**AVAILABLE RECORDS:**
------------

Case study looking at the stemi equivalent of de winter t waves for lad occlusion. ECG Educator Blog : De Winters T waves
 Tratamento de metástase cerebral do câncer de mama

------------

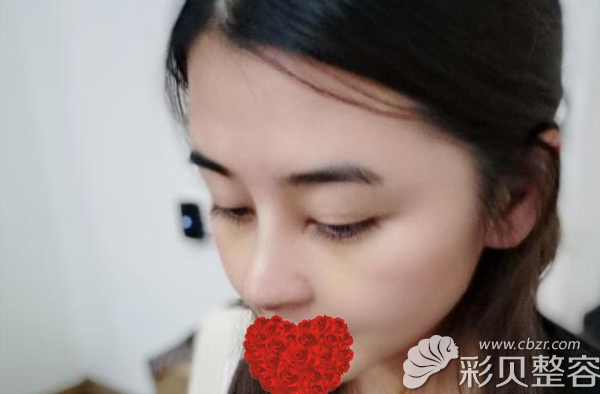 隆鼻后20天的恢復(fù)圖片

------------

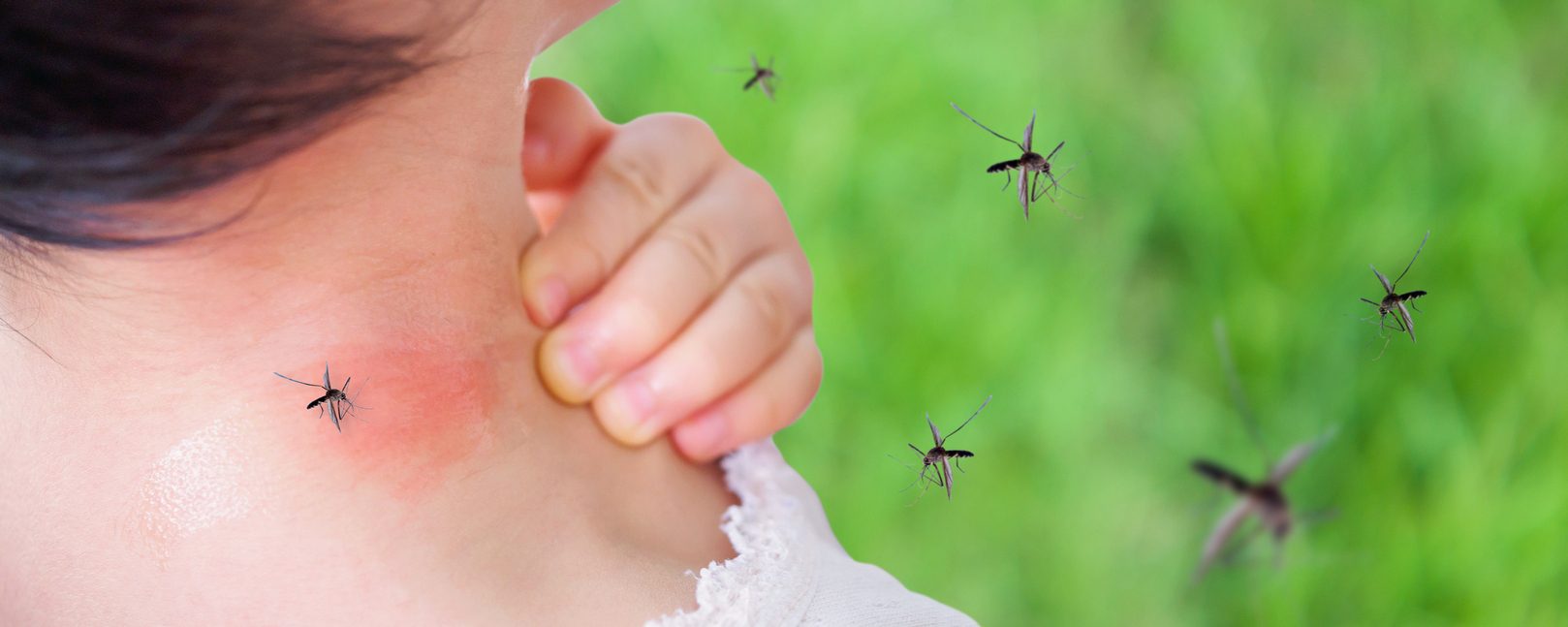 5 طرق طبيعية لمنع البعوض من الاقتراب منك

------------

**ABOUT THIS EXERCISE:** Give back exactly the lines above starting at the line where "Case study looking" appears and ending at the line where "Tratamento de metástase" appears, both included, with no other lines.

**WORKED SOLUTION:**
Case study looking at the stemi equivalent of de winter t waves for lad occlusion. ECG Educator Blog : De Winters T waves
 Tratamento de metástase cerebral do câncer de mama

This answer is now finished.